GOAL OF THE EXERCISE: Only one stretch of the records below should be repeated. It starts with the line containing "Chica feliz en" and goes on through the line containing "HILLSMERE SHORES - Residential", exactly as written.

RECORDS FOR THIS TASK:
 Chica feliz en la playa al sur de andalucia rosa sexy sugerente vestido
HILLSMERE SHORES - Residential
==
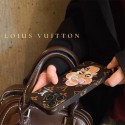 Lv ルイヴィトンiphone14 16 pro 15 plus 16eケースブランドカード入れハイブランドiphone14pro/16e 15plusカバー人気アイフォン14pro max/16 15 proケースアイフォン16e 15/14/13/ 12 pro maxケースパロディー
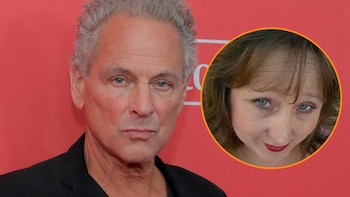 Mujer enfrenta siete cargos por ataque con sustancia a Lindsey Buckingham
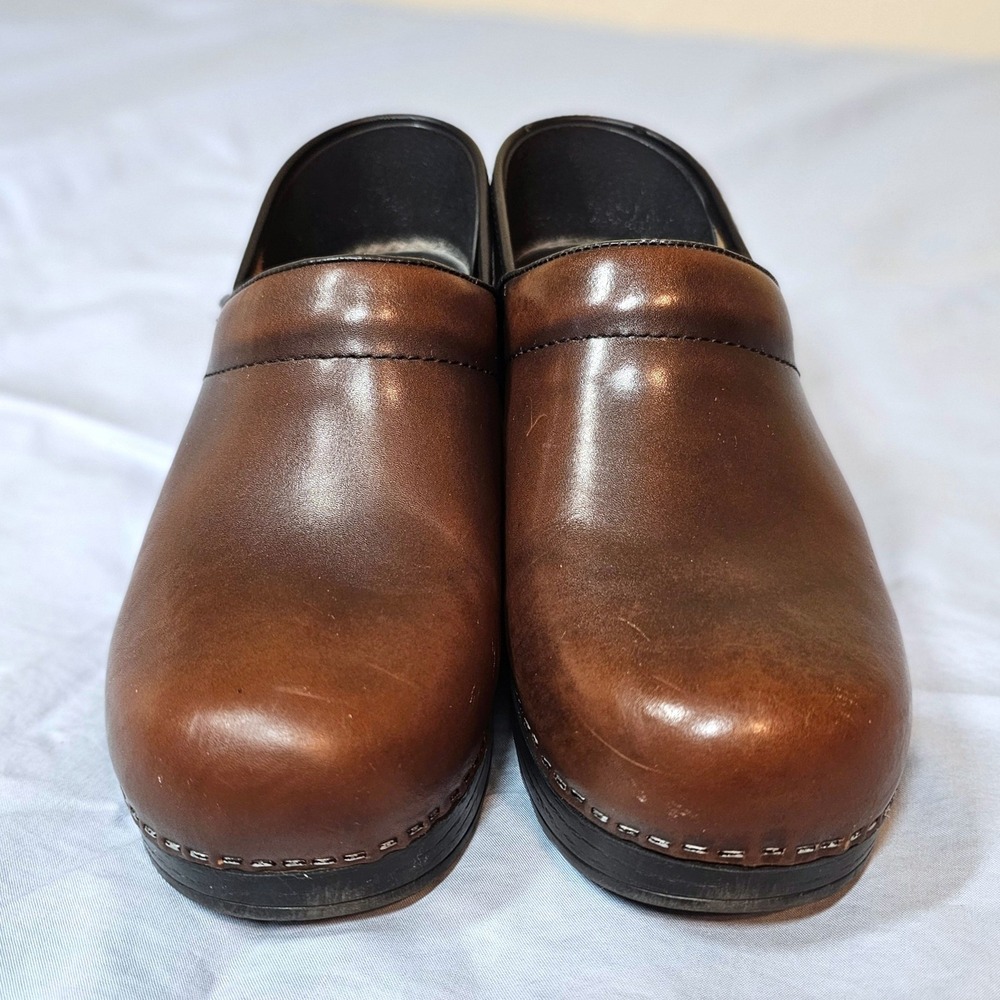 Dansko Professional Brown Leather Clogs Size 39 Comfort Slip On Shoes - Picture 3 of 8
...
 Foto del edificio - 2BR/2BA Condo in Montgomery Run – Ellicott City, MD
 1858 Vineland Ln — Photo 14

TASK SOLUTION:
 Chica feliz en la playa al sur de andalucia rosa sexy sugerente vestido
HILLSMERE SHORES - Residential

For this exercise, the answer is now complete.